How to get value of a cell in html page when click to a link in list link?


I have a list about 5000 link. Ex 2 in 5000 link:

https://racevietnam.com/runner/buiducninh/ecopark-marathon-2019

https://racevietnam.com/runner/drtungnguyen83/ecopark-marathon-2019

...

I want to get value of column Time of Day and row Finish of links.

Ex:

09:51:07 AM - https://racevietnam.com/runner/buiducninh/ecopark-marathon-2019

07:50:55 AM - https://racevietnam.com/runner/ngocsondknb/ecopark-marathon-2019

I got user infor of a website, that website has id, class. But table in https://racevietnam.com/runner/ngocsondknb/ecopark-marathon-2019 have not id, class in table.
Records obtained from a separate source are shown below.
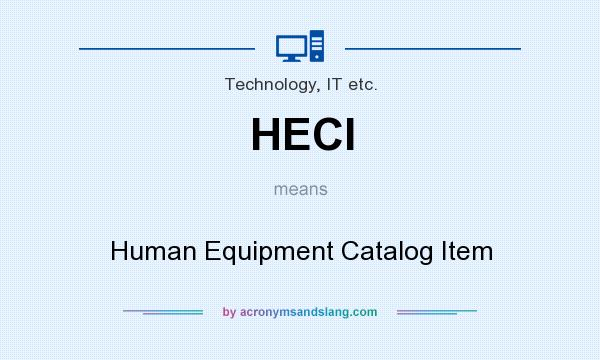 What does HECI mean? It stands for Human Equipment Catalog Item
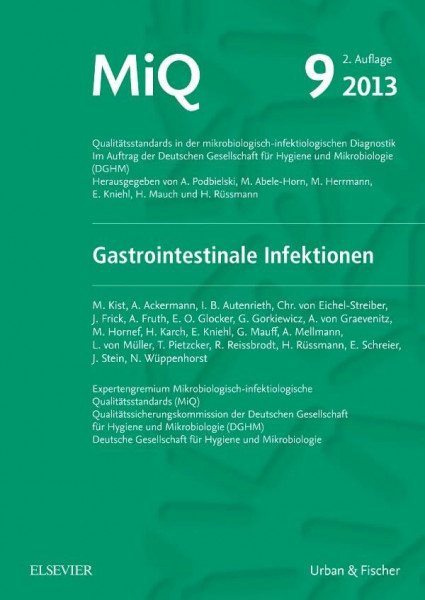 MIQ 09: Gastrointestinale Infektionen: Qualitätsstandards in der mikrobiologisch-infektiologischen Diagnostik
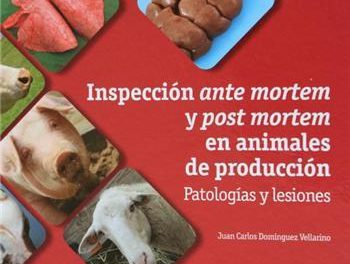 Un veterinario del Servicio Extremeño de Salud publica el primer libro en castellano sobre inspección veterinaria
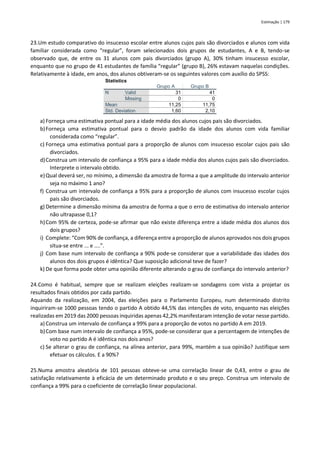 Estimação | 179
23.Um estudo comparativo do insucesso escolar entre alunos cujos pais são divorciados e alunos com vida
familiar considerada como “regular”, foram selecionados dois grupos de estudantes, A e B, tendo-se
observado que, de entre os 31 alunos com pais divorciados (grupo A), 30% tinham insucesso escolar,
enquanto que no grupo de 41 estudantes de família “regular” (grupo B), 26% estavam naquelas condições.
Relativamente à idade, em anos, dos alunos obtiveram-se os seguintes valores com auxílio do SPSS:
Statistics
Grupo A Grupo B
N Valid 31 41
Missing 0 0
Mean 11,25 11,75
Std. Deviation 1,60 2,10
a) Forneça uma estimativa pontual para a idade média dos alunos cujos pais são divorciados.
b)Forneça uma estimativa pontual para o desvio padrão da idade dos alunos com vida familiar
considerada como “regular”.
c) Forneça uma estimativa pontual para a proporção de alunos com insucesso escolar cujos pais são
divorciados.
d)Construa um intervalo de confiança a 95% para a idade média dos alunos cujos pais são divorciados.
Interprete o intervalo obtido.
e)Qual deverá ser, no mínimo, a dimensão da amostra de forma a que a amplitude do intervalo anterior
seja no máximo 1 ano?
f) Construa um intervalo de confiança a 95% para a proporção de alunos com insucesso escolar cujos
pais são divorciados.
g) Determine a dimensão mínima da amostra de forma a que o erro de estimativa do intervalo anterior
não ultrapasse 0,1?
h)Com 95% de certeza, pode-se afirmar que não existe diferença entre a idade média dos alunos dos
dois grupos?
i) Complete: “Com 90% de confiança, a diferença entre a proporção de alunos aprovados nos dois grupos
situa-se entre ... e ....”.
j) Com base num intervalo de confiança a 90% pode-se considerar que a variabilidade das idades dos
alunos dos dois grupos é idêntica? Que suposição adicional teve de fazer?
k) De que forma pode obter uma opinião diferente alterando o grau de confiança do intervalo anterior?
24.Como é habitual, sempre que se realizam eleições realizam-se sondagens com vista a projetar os
resultados finais obtidos por cada partido.
Aquando da realização, em 2004, das eleições para o Parlamento Europeu, num determinado distrito
inquiriram-se 1000 pessoas tendo o partido A obtido 44,5% das intenções de voto, enquanto nas eleições
realizadas em 2019 das 2000 pessoas inquiridas apenas 42,2% manifestaram intenção de votar nesse partido.
a) Construa um intervalo de confiança a 99% para a proporção de votos no partido A em 2019.
b)Com base num intervalo de confiança a 95%, pode-se considerar que a percentagem de intenções de
voto no partido A é idêntica nos dois anos?
c) Se alterar o grau de confiança, na alínea anterior, para 99%, mantém a sua opinião? Justifique sem
efetuar os cálculos. E a 90%?
25.Numa amostra aleatória de 101 pessoas obteve-se uma correlação linear de 0,43, entre o grau de
satisfação relativamente à eficácia de um determinado produto e o seu preço. Construa um intervalo de
confiança a 99% para o coeficiente de correlação linear populacional.
 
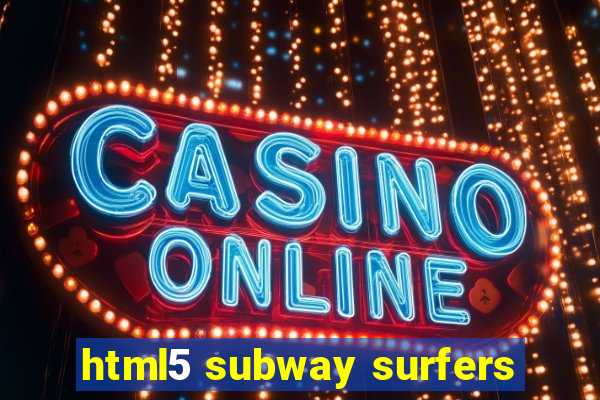 html5 subway surfers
So I can't.

#!/usr/bin/python
from urllib.request import urlopen
from bs4 import BeautifulSoup

list_user = []

for userID in range(1, 100000):
    link = "https://example.com/member.php?u=" + str(userID)
    html = urlopen(link)
    bsObj = BeautifulSoup(html, "lxml")
    user_name = bsObj.find("div", {"id":"main_userinfo"}).h1.get_text()
    list_user.append(user_name)
    print("username", userID, "is: ", user_name)
    with open("result.txt", "a") as myfile:
        myfile.write(user_name)

Please help me.

Thank you.


Solution

  • This is my code. It's working Ok.

    import requests
    from bs4 import BeautifulSoup
    
    f = open("input.ecopark","r")
    f_content = f.readlines()
    f.close()
    
    for url in f_content:
        r = requests.get(url.rstrip())
        soup = BeautifulSoup(r.text, 'html.parser')
        result = soup.select("table tbody tr td")
        x = ""
        for i in result:
            if not x:
                if i.get_text() == "Finish":
                    x = 1
                    continue
            if x:
                print(url.rstrip()+ " "+i.get_text())
                break